Dituding Ruwet dan Bertele-tele, Pemerintah Pangkas Birokrasi Penyaluran Pupuk Subsidi
- Kementan
Jakarta, VIVA - Pemerintah resmi mempermudah prosedur penyaluran pupuk subsidi. Hal ini dilakukan karena berbelit-belitnya birokrasi untuk penyaluran pupuk subsidi kepada para petani.
Menteri Koordinator Bidang Pangan, Zulkifli Hasan atau Zulhas mengatakan tahun ini total alokasi pupuk subsidi sebanyak 9,5 juta ton. Namun, dari jumlah itu yang baru terealisasi hanya sebesar 5 juta ton.
"Kenapa? Karena harus ada SK (Surat Keputusan) dari bupati, SK dari gubernur.

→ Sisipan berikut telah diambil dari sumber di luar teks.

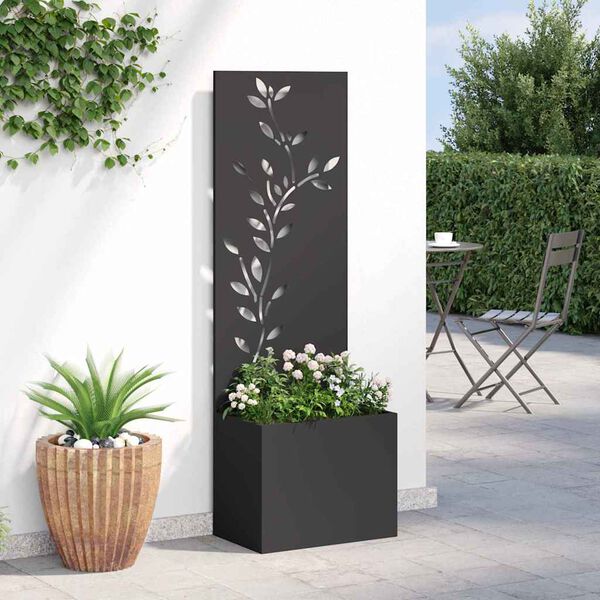 vidaXL Garten Sichtschutz-Leinwand Floral Schwarz 50 x 140 cm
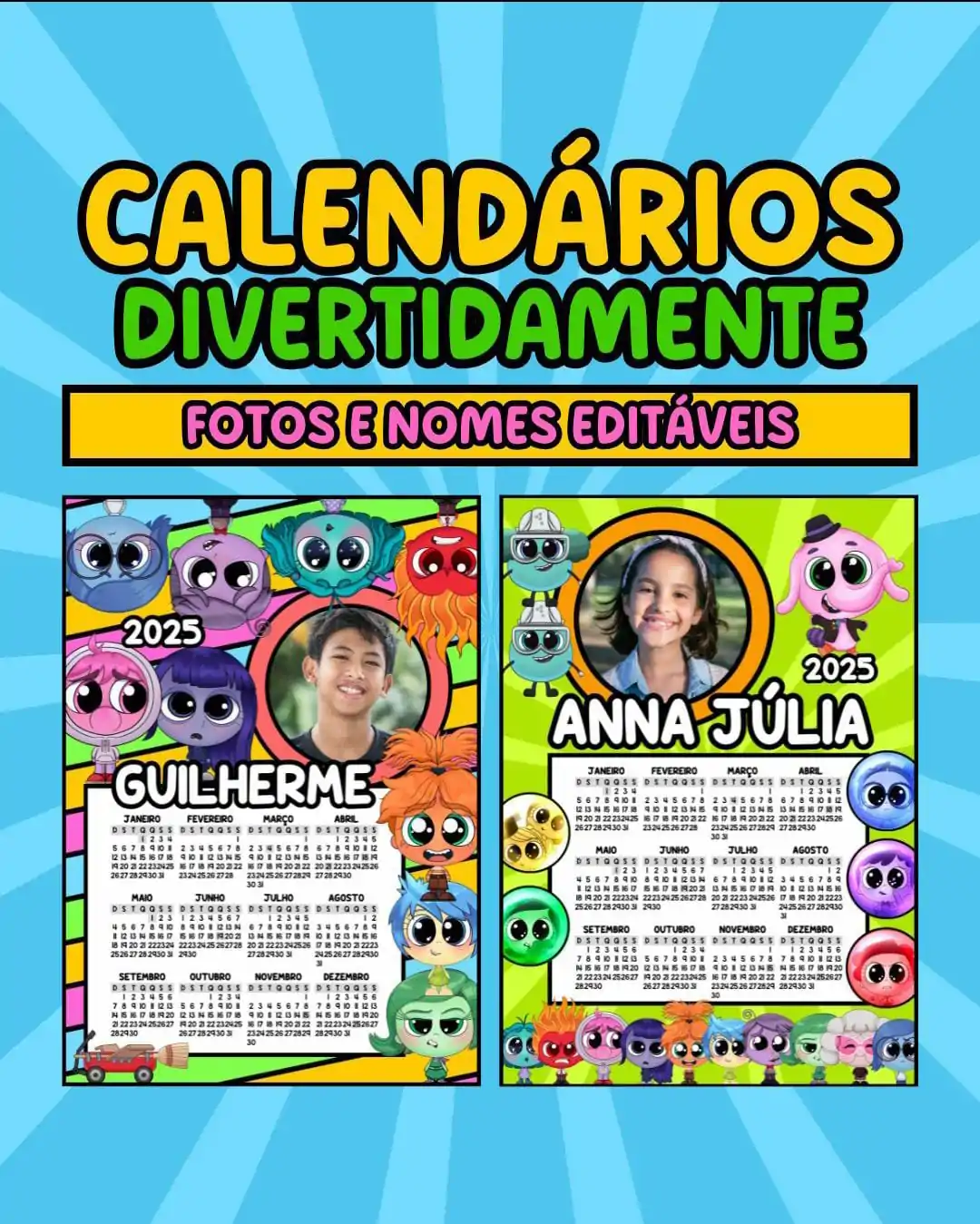 Calendário 2025 Personalizável no Canva – Tema Divertida Mente 2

Ada usulan, ruwet, mengular, rumit sekali, jadi walaupun alokasinya besar, cukup, tetapi kalau prosedurnya bertele-tele, mengular, akhirnya juga nggak bisa terserap dengan baik," ujar Zulhas dalam konferensi pers di Kantor Kementan, Jakarta Selatan, Selasa, 12 November 2024.
Zulhas mengatakan, adanya SK ini telah membuat penyaluran pupuk subsidi tidak efektif. Dia mencontohkan, saat ada Pilkada untuk petani mendapatkan pupuk subsidi, harus menunggu terpilihnya gubernur dan bupati setempat agar SK bisa diterbitkan.
"Ini kalau lagi Pilkada bupatinya mungkin belum ada gitu. Tunggu SK bupati, nggak bisa dikirim," jelasnya.
Maka dengan itu jelas Zulhas, skema penyaluran pupuk subsidi ini akan berubah. Dalam hal ini penyaluran dimulai dari Kementerian Pertanian (Kementan), selanjutnya ke Pupuk Indonesia. Nantinya Pupuk Indonesia akan menyalurkan langsung kepada Gabungan Kelompok Tani (Gapoktan), dan Gapoktan akan langsung menyerahkan ke petani.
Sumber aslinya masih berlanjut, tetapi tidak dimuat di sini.